> [WHAT YOU HAVE TO DO] In the entries that follow, the first line to write out is the one containing "Wig Female Short", and the last is the one containing "Chaofanjiancai Women Long". Reproduce that stretch exactly, with nothing before or after it.

> [DATASET RECORDS]
BEGIN

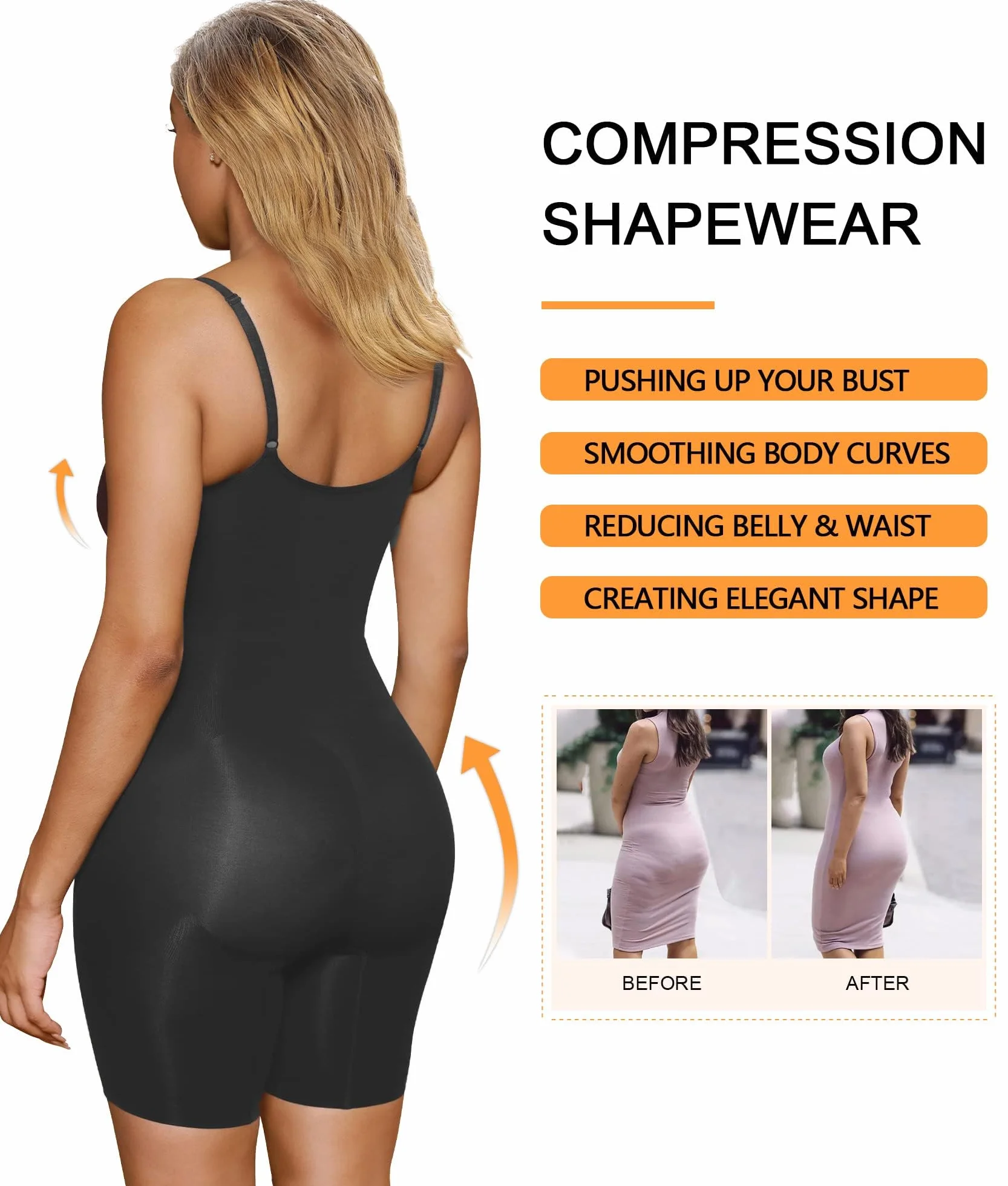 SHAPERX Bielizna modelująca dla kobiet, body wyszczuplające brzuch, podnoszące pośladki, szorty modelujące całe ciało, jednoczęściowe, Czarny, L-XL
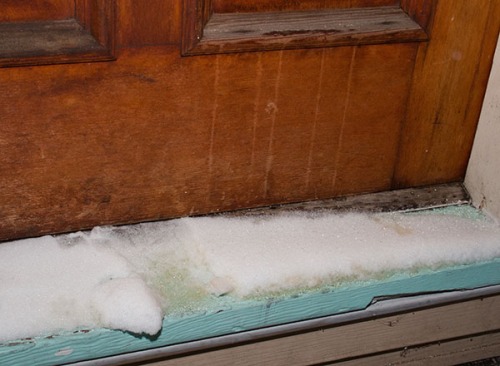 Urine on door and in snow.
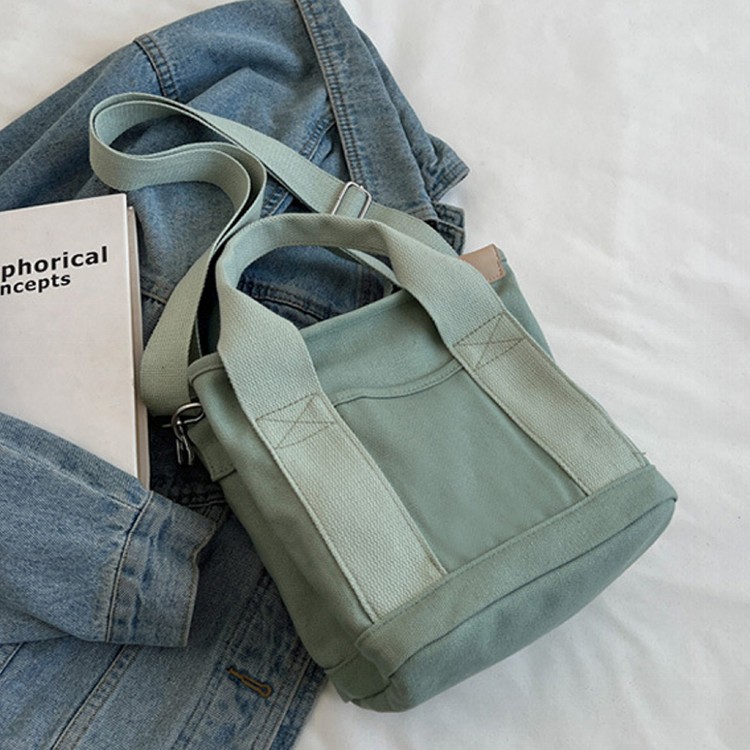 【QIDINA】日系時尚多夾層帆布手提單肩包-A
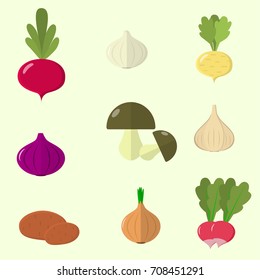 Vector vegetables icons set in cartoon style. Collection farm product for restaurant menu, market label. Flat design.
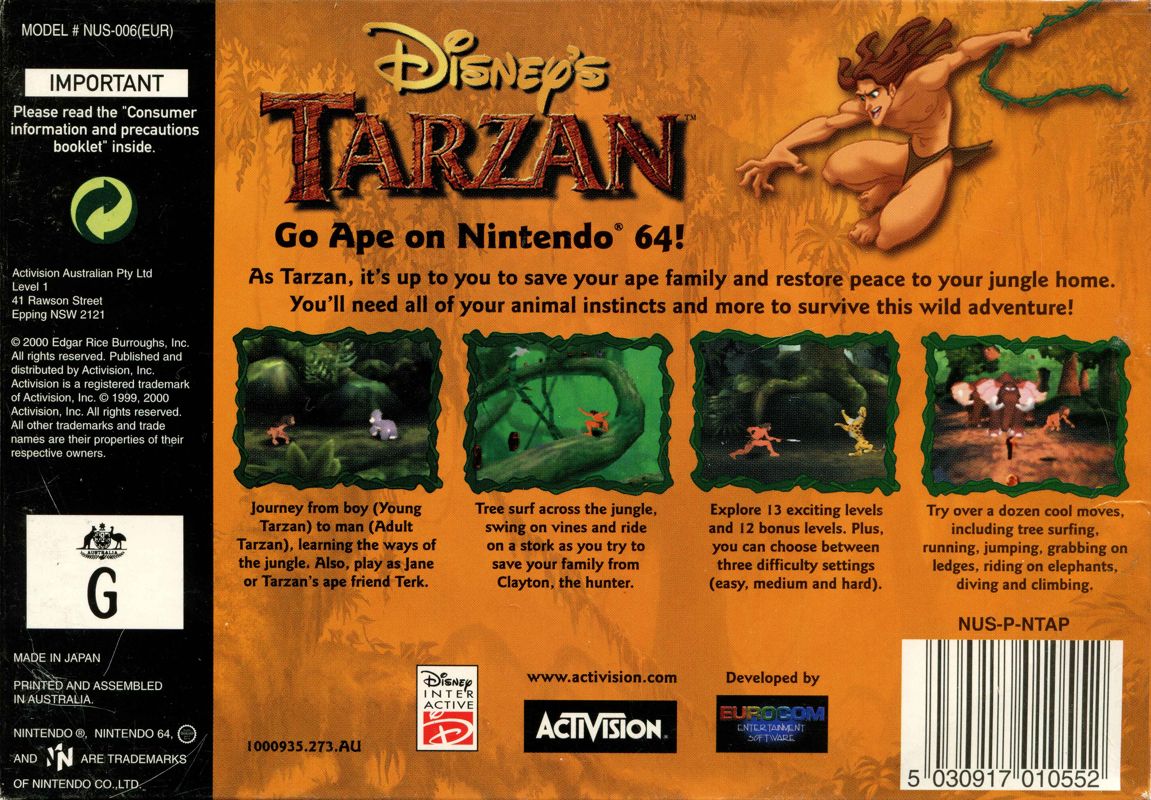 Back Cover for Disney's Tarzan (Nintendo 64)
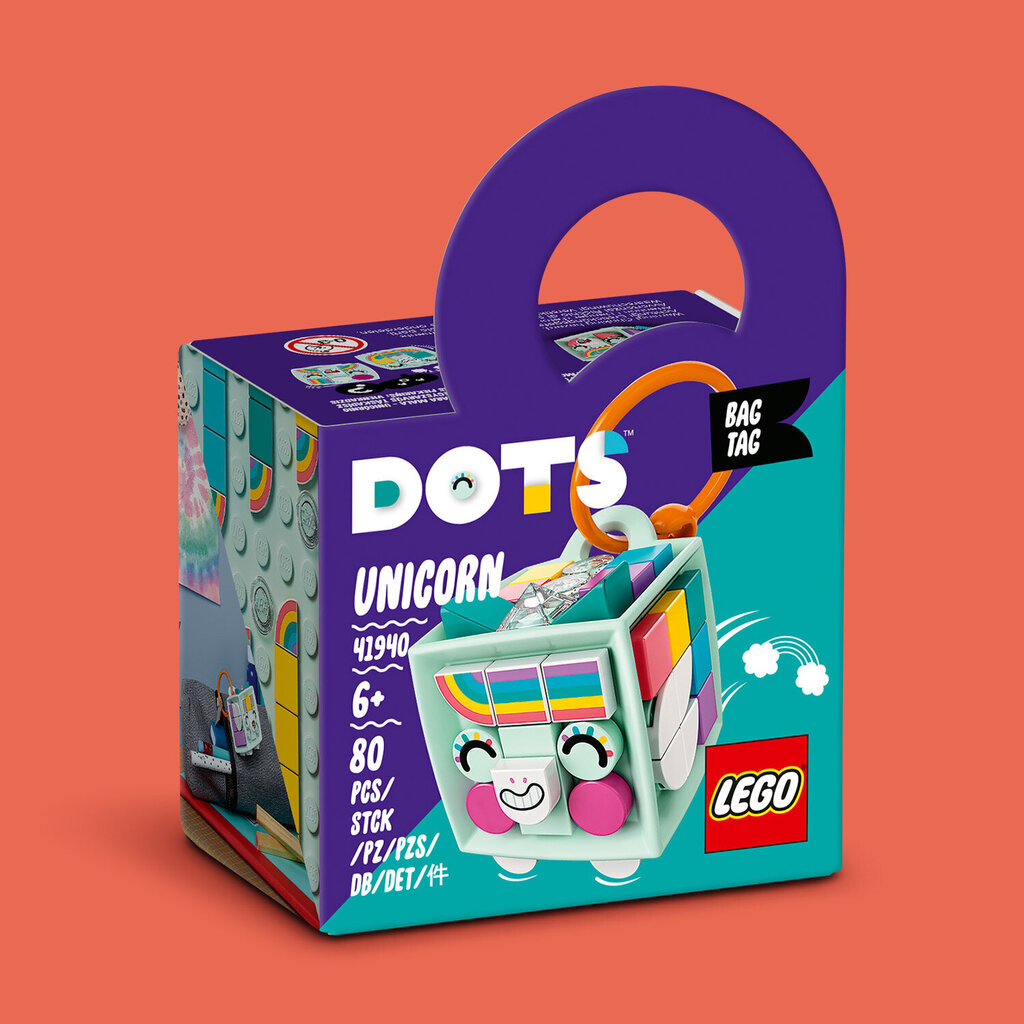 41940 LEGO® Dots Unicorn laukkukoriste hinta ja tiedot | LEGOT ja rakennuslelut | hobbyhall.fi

END
BEGIN

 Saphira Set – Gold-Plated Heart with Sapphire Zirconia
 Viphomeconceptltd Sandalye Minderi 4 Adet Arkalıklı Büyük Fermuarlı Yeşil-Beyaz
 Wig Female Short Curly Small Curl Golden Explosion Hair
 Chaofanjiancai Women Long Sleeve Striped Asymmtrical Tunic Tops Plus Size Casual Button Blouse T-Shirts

END

> [ANSWER FOR THIS EXERCISE]
 Wig Female Short Curly Small Curl Golden Explosion Hair
 Chaofanjiancai Women Long Sleeve Striped Asymmtrical Tunic Tops Plus Size Casual Button Blouse T-Shirts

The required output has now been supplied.